By David Torough, Abuja
In a renewed push to meet its OPEC production quota and 2025 budgetary targets, the Federal Government yesterday declared an end to the era where oil companies acquire field licenses and leave them dormant.
The government warned that it would no longer tolerate operators lacking the technical and financial capacity to develop oil fields, stressing that such licenses would be withdrawn.
Minister of State for Petroleum Resources (Oil), Senator Heineken Lokpobiri issued the warning at the ongoing 2025 Nigeria Oil and Gas Energy Week in Abuja.
Lokpobiri said the government was determined to maximize oil production by ensuring that only serious investors retain access to Nigeria’s hydrocarbon resources.
The conference had the theme: “Accelerating Energy Progress Through Investment, Global Partnerships and Innovation”.
Lokobiri stated that, “In our ongoing drive to boost national oil production, the Federal Government remains resolute in ensuring that maximum value is derived from upstream assets currently held by operators.
“This objective has taken on greater urgency as global financing for oil and gas projects continues to tighten, making it increasingly difficult for all operators to secure the capital needed to develop these assets.
“It is no longer acceptable for critical national resources to remain in the hands of companies that lack the technical or financial capacity to optimize them or worse, those who use such licenses merely as a lever to access scarce capital, only to divert it to unrelated ventures.
“Our oil and gas industry has witnessed far too many cautionary tales of this nature, and we must now draw a clear line”.
He said the government has engaged an international consultant to evaluate the 273 fees and rates faced by oil companies in the country to align them with international best practices.
Also, the Minister of State Petroleum Resources (Gas), Ekperikpe Ekpo said Nigeria had proven gas reserves of over 200 trillion cubic feet, yet value would only be created when resources were developed and utilised.
Ekpo said that through the Decade of Gas initiative, the country was focused on translating its vast gas wealth into tangible socio-economic benefits.

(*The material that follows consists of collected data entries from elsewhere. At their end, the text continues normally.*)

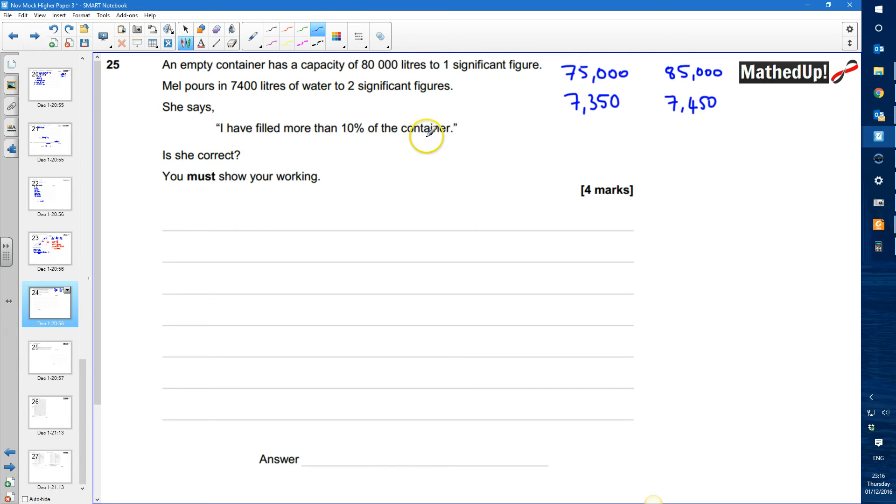She says I have filled more than 10% of the container, and we need to decide if she is correct. In the best case scenario, so that she fills the highest percentage, we want to use the biggest version of the number of litres she's poured into the smallest version of the container. So that's the upper bound divided by the lower bound, which gives us the highest possible answer. So we're going to do 7,450 divided by 75,000.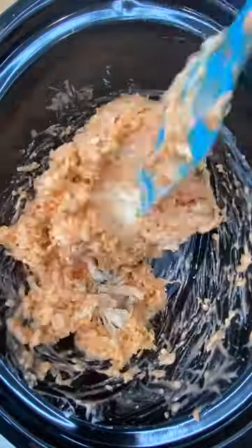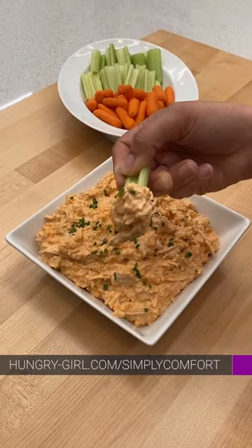Mix that all up and we'll slow cook it until it's hot and thick. Visit hungrygirl.com/simply-comfort for all the info.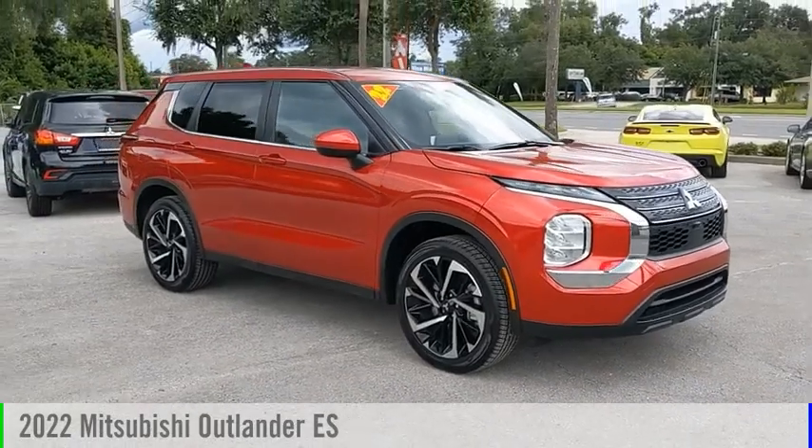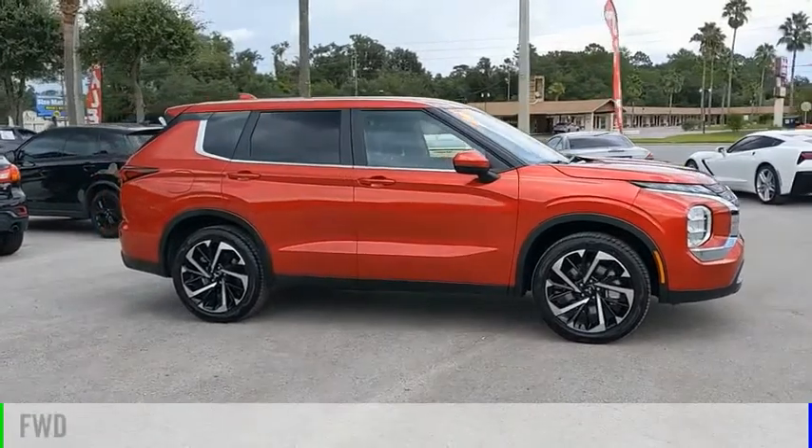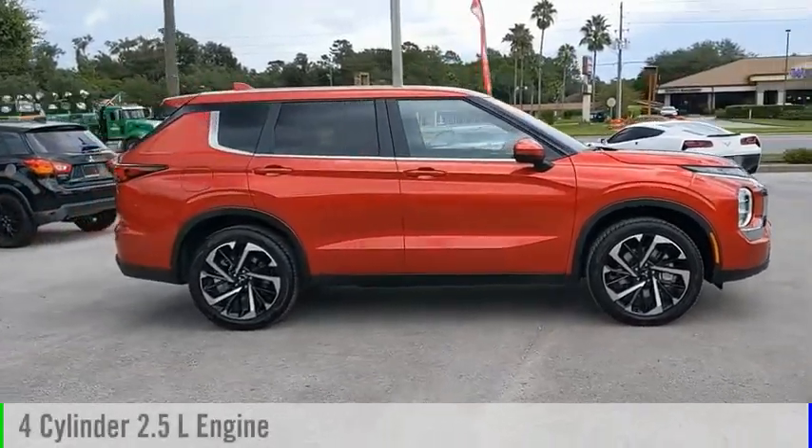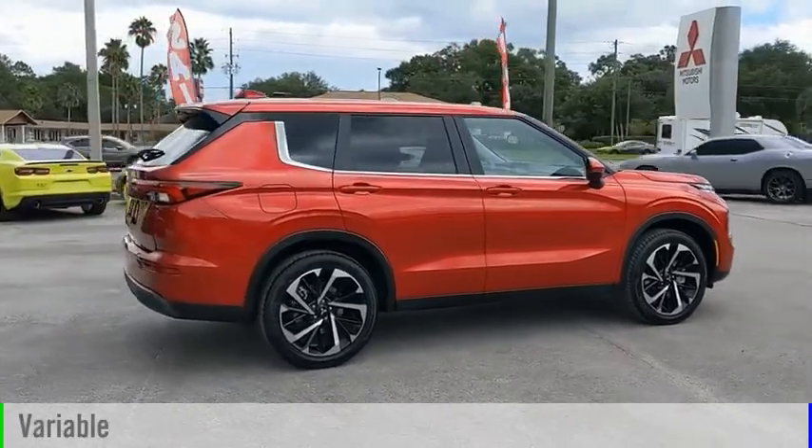We are pleased to show you the 2022 Outlander. This vehicle is powered by a front-wheel drive, four-cylinder, 2.5-liter engine, and comes with a continuously variable transmission.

This, he said, included driving industrialisation, expanding power generation, increasing domestic Liquefied Petroleum Gas (LPG) usage, deepening gas-to-transport adoption, and growing gas export capacity.
Group Chief Executive Officer of NNPC Ltd, Engr. Bashir Bayo Ojulari disclosed that the Ajaokuta-Kaduna-Kano (AKK) Gas Pipeline has successfully crossed the River Niger, boosting the hope of the project’s completion by Q4 2025.

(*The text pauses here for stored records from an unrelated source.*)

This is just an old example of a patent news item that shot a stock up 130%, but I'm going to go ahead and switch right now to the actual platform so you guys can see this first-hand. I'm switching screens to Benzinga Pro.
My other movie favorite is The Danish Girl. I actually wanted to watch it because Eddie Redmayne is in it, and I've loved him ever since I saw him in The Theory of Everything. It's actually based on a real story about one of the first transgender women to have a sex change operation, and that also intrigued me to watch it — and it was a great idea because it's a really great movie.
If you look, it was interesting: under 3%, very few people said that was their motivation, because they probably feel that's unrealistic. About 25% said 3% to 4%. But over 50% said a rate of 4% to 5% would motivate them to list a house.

Ojulari, who described the development as a significant milestone, said the feat was achieved through effective and innovative contract reengineering and industry collaboration.
He also disclosed that for the first time in a long while, the nation enjoyed 100% crude oil pipelines availability throughout June 2025.

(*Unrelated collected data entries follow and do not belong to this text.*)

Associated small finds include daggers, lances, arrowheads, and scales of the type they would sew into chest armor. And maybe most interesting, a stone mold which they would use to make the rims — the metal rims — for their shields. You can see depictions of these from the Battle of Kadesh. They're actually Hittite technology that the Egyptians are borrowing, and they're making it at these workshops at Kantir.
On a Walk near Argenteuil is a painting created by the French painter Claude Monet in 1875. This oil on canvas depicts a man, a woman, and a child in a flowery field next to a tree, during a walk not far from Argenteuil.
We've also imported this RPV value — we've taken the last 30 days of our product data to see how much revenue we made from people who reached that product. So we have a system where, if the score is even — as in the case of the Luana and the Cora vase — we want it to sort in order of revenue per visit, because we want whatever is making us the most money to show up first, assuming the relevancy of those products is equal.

He said the feat which was possible through the industry-wide security interventions led by the NNPC helped to boost crude oil production.
He however called for more investments to boost production, adding that NNPC Ltd has been able to turn the narrative around by consistently meeting its cash-call obligations to Joint Venture operations.
He said the Petroleum Industry Act (PIA) has placed NNPC Ltd in a good position to live up to its responsibility of leading the industry in financing projects.